(Records to process Opens)

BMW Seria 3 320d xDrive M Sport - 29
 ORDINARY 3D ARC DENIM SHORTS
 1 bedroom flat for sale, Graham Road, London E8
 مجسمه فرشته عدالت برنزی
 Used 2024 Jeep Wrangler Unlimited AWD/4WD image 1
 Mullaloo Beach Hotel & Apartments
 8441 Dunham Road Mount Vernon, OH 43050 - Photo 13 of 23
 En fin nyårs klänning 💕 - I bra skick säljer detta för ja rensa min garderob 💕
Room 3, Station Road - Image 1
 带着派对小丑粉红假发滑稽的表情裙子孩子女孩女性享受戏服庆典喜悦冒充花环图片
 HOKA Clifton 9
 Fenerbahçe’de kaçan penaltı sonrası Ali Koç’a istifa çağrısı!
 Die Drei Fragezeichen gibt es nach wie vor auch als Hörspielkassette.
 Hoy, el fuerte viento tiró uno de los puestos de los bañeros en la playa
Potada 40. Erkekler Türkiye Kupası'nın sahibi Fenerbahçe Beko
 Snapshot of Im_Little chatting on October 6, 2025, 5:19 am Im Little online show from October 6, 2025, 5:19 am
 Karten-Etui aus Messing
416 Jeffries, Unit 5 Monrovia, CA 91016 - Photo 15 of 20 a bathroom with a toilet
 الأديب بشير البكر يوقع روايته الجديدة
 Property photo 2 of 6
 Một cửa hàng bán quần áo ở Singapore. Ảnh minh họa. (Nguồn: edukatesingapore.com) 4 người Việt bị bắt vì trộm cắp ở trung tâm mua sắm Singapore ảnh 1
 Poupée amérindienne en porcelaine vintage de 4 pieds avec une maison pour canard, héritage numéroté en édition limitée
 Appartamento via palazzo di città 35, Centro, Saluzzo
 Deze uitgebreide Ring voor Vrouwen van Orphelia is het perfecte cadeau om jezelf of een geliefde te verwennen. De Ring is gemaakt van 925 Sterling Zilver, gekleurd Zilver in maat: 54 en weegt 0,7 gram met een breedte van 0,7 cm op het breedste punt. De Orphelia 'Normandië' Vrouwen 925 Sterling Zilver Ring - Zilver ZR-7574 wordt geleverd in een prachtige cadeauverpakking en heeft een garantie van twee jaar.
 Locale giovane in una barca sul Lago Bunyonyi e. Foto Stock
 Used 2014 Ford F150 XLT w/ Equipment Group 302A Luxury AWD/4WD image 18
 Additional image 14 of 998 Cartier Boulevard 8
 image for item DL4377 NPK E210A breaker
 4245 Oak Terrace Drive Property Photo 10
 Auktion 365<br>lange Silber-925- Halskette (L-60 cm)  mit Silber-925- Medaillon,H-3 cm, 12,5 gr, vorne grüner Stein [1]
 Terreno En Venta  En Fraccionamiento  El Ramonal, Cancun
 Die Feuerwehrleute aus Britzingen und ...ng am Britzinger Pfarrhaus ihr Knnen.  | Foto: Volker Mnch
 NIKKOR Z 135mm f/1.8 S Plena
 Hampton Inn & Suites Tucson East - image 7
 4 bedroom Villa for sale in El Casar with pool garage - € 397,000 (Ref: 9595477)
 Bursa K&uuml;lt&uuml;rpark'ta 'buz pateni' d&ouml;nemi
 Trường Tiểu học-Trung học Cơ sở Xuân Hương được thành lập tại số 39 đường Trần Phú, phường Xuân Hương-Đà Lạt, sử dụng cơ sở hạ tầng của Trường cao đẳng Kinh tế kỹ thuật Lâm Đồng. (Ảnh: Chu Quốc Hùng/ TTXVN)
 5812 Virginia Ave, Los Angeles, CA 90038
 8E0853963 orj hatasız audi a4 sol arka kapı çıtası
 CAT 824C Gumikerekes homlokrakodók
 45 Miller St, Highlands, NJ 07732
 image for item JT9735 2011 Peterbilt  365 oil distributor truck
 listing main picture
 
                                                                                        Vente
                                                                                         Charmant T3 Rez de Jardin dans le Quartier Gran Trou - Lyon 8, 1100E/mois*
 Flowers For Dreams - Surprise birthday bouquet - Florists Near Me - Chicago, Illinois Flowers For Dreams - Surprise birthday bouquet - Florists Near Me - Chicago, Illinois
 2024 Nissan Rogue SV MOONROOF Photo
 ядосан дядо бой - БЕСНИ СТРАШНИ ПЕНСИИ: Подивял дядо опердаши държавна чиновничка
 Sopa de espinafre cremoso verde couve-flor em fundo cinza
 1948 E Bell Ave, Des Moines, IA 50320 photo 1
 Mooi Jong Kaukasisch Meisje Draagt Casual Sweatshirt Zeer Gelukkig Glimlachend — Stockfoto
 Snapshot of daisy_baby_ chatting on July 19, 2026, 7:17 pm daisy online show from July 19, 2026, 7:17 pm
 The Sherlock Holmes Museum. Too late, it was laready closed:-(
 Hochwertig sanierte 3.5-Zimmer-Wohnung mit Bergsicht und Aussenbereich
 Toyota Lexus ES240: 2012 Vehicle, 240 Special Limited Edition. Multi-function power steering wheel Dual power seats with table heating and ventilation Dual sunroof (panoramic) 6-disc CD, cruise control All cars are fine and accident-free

(Records to process Closes)

Assignment:
Repeat each of the entries exactly as written.

Task answer:
BMW Seria 3 320d xDrive M Sport - 29
 ORDINARY 3D ARC DENIM SHORTS
 1 bedroom flat for sale, Graham Road, London E8
 مجسمه فرشته عدالت برنزی
 Used 2024 Jeep Wrangler Unlimited AWD/4WD image 1
 Mullaloo Beach Hotel & Apartments
 8441 Dunham Road Mount Vernon, OH 43050 - Photo 13 of 23
 En fin nyårs klänning 💕 - I bra skick säljer detta för ja rensa min garderob 💕
Room 3, Station Road - Image 1
 带着派对小丑粉红假发滑稽的表情裙子孩子女孩女性享受戏服庆典喜悦冒充花环图片
 HOKA Clifton 9
 Fenerbahçe’de kaçan penaltı sonrası Ali Koç’a istifa çağrısı!
 Die Drei Fragezeichen gibt es nach wie vor auch als Hörspielkassette.
 Hoy, el fuerte viento tiró uno de los puestos de los bañeros en la playa
Potada 40. Erkekler Türkiye Kupası'nın sahibi Fenerbahçe Beko
 Snapshot of Im_Little chatting on October 6, 2025, 5:19 am Im Little online show from October 6, 2025, 5:19 am
 Karten-Etui aus Messing
416 Jeffries, Unit 5 Monrovia, CA 91016 - Photo 15 of 20 a bathroom with a toilet
 الأديب بشير البكر يوقع روايته الجديدة
 Property photo 2 of 6
 Một cửa hàng bán quần áo ở Singapore. Ảnh minh họa. (Nguồn: edukatesingapore.com) 4 người Việt bị bắt vì trộm cắp ở trung tâm mua sắm Singapore ảnh 1
 Poupée amérindienne en porcelaine vintage de 4 pieds avec une maison pour canard, héritage numéroté en édition limitée
 Appartamento via palazzo di città 35, Centro, Saluzzo
 Deze uitgebreide Ring voor Vrouwen van Orphelia is het perfecte cadeau om jezelf of een geliefde te verwennen. De Ring is gemaakt van 925 Sterling Zilver, gekleurd Zilver in maat: 54 en weegt 0,7 gram met een breedte van 0,7 cm op het breedste punt. De Orphelia 'Normandië' Vrouwen 925 Sterling Zilver Ring - Zilver ZR-7574 wordt geleverd in een prachtige cadeauverpakking en heeft een garantie van twee jaar.
 Locale giovane in una barca sul Lago Bunyonyi e. Foto Stock
 Used 2014 Ford F150 XLT w/ Equipment Group 302A Luxury AWD/4WD image 18
 Additional image 14 of 998 Cartier Boulevard 8
 image for item DL4377 NPK E210A breaker
 4245 Oak Terrace Drive Property Photo 10
 Auktion 365<br>lange Silber-925- Halskette (L-60 cm)  mit Silber-925- Medaillon,H-3 cm, 12,5 gr, vorne grüner Stein [1]
 Terreno En Venta  En Fraccionamiento  El Ramonal, Cancun
 Die Feuerwehrleute aus Britzingen und ...ng am Britzinger Pfarrhaus ihr Knnen.  | Foto: Volker Mnch
 NIKKOR Z 135mm f/1.8 S Plena
 Hampton Inn & Suites Tucson East - image 7
 4 bedroom Villa for sale in El Casar with pool garage - € 397,000 (Ref: 9595477)
 Bursa K&uuml;lt&uuml;rpark'ta 'buz pateni' d&ouml;nemi
 Trường Tiểu học-Trung học Cơ sở Xuân Hương được thành lập tại số 39 đường Trần Phú, phường Xuân Hương-Đà Lạt, sử dụng cơ sở hạ tầng của Trường cao đẳng Kinh tế kỹ thuật Lâm Đồng. (Ảnh: Chu Quốc Hùng/ TTXVN)
 5812 Virginia Ave, Los Angeles, CA 90038
 8E0853963 orj hatasız audi a4 sol arka kapı çıtası
 CAT 824C Gumikerekes homlokrakodók
 45 Miller St, Highlands, NJ 07732
 image for item JT9735 2011 Peterbilt  365 oil distributor truck
 listing main picture
 
                                                                                        Vente
                                                                                         Charmant T3 Rez de Jardin dans le Quartier Gran Trou - Lyon 8, 1100E/mois*
 Flowers For Dreams - Surprise birthday bouquet - Florists Near Me - Chicago, Illinois Flowers For Dreams - Surprise birthday bouquet - Florists Near Me - Chicago, Illinois
 2024 Nissan Rogue SV MOONROOF Photo
 ядосан дядо бой - БЕСНИ СТРАШНИ ПЕНСИИ: Подивял дядо опердаши държавна чиновничка
 Sopa de espinafre cremoso verde couve-flor em fundo cinza
 1948 E Bell Ave, Des Moines, IA 50320 photo 1
 Mooi Jong Kaukasisch Meisje Draagt Casual Sweatshirt Zeer Gelukkig Glimlachend — Stockfoto
 Snapshot of daisy_baby_ chatting on July 19, 2026, 7:17 pm daisy online show from July 19, 2026, 7:17 pm
 The Sherlock Holmes Museum. Too late, it was laready closed:-(
 Hochwertig sanierte 3.5-Zimmer-Wohnung mit Bergsicht und Aussenbereich
 Toyota Lexus ES240: 2012 Vehicle, 240 Special Limited Edition. Multi-function power steering wheel Dual power seats with table heating and ventilation Dual sunroof (panoramic) 6-disc CD, cruise control All cars are fine and accident-free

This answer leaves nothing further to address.